Even people whose ideas I respect still fall into the use of this old cliché, without questioning it.

“Your lizard brain is hungry, scared, angry and horny… the lizard brain only wants to eat and be safe… the lizard brain will fight (to the death) if it has to but would rather run away. …the lizard brain cares what everyone else thinks, because status in the tribe is essential to its survival. …Wild animals are wild because the only brain they possess is a lizard brain. The lizard brain is not merely a concept. It’s real, and it’s living on the top of your spine, fighting for your survival. But, of course, survival and success are not the same thing… the lizard brain is the reason you’re afraid… The lizard brain is the source of the resistance.”

Says the otherwise very smart Seth Godin in Linchpin. Not only does he conflate some biological impossibilities in his metaphors (lizards are not tribal, for example), he has fallen prey to the cliché (nice image isn’t it, clichés skulking about looking for people to prey upon?).

In fact, the ‘lizard brain’ is a misnomer, and lumping the amygdala with the lizard brain is a total furphy.

Not only is the amygdala not a lizard brain, the idea that the primitive reptilian brain is nested inside our larger human brain may make for colourful metaphors but it’s also inaccurate.
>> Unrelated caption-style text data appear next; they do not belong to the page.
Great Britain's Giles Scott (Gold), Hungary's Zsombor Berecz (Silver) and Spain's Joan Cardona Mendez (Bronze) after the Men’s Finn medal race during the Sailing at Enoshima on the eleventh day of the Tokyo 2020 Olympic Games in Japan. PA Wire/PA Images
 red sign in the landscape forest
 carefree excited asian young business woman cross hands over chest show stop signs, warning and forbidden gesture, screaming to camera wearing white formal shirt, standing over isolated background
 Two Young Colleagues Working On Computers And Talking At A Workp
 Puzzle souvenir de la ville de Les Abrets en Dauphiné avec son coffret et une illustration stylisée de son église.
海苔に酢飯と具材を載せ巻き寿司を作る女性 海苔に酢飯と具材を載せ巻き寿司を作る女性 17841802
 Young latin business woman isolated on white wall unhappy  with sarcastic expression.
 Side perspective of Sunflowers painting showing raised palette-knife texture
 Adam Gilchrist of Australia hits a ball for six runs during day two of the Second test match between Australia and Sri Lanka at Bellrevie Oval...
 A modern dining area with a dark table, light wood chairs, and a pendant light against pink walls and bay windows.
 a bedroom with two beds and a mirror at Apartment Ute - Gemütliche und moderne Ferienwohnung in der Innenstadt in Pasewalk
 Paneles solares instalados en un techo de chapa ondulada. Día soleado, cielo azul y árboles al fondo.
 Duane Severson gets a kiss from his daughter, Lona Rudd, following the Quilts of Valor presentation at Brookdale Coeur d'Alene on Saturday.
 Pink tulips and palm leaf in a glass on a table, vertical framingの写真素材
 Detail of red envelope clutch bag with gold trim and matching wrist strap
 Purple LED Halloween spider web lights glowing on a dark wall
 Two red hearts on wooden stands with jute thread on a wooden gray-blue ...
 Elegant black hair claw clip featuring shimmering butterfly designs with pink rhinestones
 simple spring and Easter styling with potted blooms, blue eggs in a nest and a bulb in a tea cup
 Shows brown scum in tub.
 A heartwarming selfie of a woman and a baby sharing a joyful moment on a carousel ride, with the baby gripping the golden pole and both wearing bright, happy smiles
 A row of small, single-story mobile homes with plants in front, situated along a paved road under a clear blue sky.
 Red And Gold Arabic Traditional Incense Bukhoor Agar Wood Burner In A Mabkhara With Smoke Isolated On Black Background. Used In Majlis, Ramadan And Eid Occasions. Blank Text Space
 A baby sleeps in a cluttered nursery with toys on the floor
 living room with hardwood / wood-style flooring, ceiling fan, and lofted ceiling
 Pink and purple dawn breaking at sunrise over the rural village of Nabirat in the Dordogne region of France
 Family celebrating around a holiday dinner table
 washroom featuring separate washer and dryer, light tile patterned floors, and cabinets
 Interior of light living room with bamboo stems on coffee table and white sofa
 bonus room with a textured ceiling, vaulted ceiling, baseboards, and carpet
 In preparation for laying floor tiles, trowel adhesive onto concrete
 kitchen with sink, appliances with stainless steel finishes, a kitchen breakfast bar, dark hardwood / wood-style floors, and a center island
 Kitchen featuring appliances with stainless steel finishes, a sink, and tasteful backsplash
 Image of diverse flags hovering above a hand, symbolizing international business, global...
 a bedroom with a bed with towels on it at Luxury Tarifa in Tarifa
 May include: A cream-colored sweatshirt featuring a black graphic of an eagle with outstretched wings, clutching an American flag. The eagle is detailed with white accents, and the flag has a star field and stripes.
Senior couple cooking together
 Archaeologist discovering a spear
Scientists come up with theories and these work their way into popular culture where they continue to be presented as a scientific fact even when the original theory has evolved.

“One reason that the triune-brain model has so captured people’s imaginations is that it is so simple and meshes so perfectly with a very old conception of the three basic elements of human nature: will, emotion, and rationality (or, more colorfully, ‘gut, heart, and head’). This model thus posits three brains that emerged in succession in the course of evolution and are now nested one inside the other in the modern human brain: a “reptilian brain” in charge of survival functions, a “limbic brain” in charge of emotions, and the neocortex, in charge of abstract, rational thinking.” (Source)

Ideas about brain modelling have changed and the triune brain is considered out of date. It’s now recognised that reptiles and mammals diverged at some evolutionary point and reptiles developed their own cortex, so they simply have a different brain altogether.

Why does it matter? Am I just being pedantic?

Certainly, myths do not have to follow scientific facts, and even if the original brain model was shaped by cultural notions of human nature isn’t the lizard brain analogy simply making a point that we need to confront our natural tendency to fear in order to live our full life potential? Thus, it’s about the effectiveness of the personal or business coach’s process rather than whether his or her metaphor is actually scientific?

Well, yes, the results are what’s important. However, if you are going to frame method within brain science at least check the science.

But there is a bigger story here that we must challenge: are we really biologically wired for fear?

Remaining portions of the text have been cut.